Keshwanand organised celebrations in honour of Sikh, Bishnoi, Namdhari and Jain gurus. During the partition of India in 1947, he arranged for wounded Muslims to be admitted to hospitals, and he arranged food and shelter for them.

Keshwanand started a girls' school called "Gramothan Vidyapeath" in Sangriya in August 1917. Because of his efforts, many others in Sangriya have prioritised education.
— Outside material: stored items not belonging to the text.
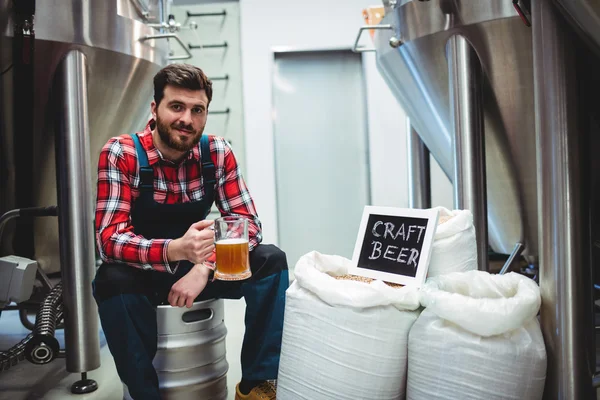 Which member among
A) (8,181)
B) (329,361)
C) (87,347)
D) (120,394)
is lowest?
(120,394)

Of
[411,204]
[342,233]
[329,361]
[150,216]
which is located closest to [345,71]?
[342,233]

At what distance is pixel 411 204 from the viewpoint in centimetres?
234

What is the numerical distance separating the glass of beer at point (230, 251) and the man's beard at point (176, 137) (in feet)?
1.06

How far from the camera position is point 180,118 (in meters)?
1.30

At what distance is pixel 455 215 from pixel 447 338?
0.36m

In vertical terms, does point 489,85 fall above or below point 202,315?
above

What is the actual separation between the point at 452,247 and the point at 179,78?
820 millimetres

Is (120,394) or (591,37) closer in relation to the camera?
(591,37)

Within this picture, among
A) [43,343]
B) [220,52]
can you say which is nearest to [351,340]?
[43,343]

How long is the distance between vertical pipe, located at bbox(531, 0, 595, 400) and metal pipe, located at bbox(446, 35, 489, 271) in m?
0.49

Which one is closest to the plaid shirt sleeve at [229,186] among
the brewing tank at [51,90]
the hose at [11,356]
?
the brewing tank at [51,90]

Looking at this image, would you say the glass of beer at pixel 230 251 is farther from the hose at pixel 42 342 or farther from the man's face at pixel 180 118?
the hose at pixel 42 342

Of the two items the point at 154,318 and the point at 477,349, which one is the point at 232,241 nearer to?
the point at 154,318

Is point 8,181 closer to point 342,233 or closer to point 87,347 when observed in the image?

Keshwanand was presented with a "Abhinandan Granth" (tribute volume) by the then chief minister of Rajasthan on 9 March 1958. Keshwanand was a member of the Rajya Sabha (upper house of the Indian Parliament) for two consecutive terms, 1952–1958 and 1958–1964. He died on 13 September 1972 in Delhi. The Department of Posts, Government of India, issued a commemorative postage stamp in his honour on 15 August 1999. In 2009, Swami Keshwanand Rajasthan Agricultural University and Swami Keshvanand Institute of Technology Management & Gramothan in Jaipur were named after him.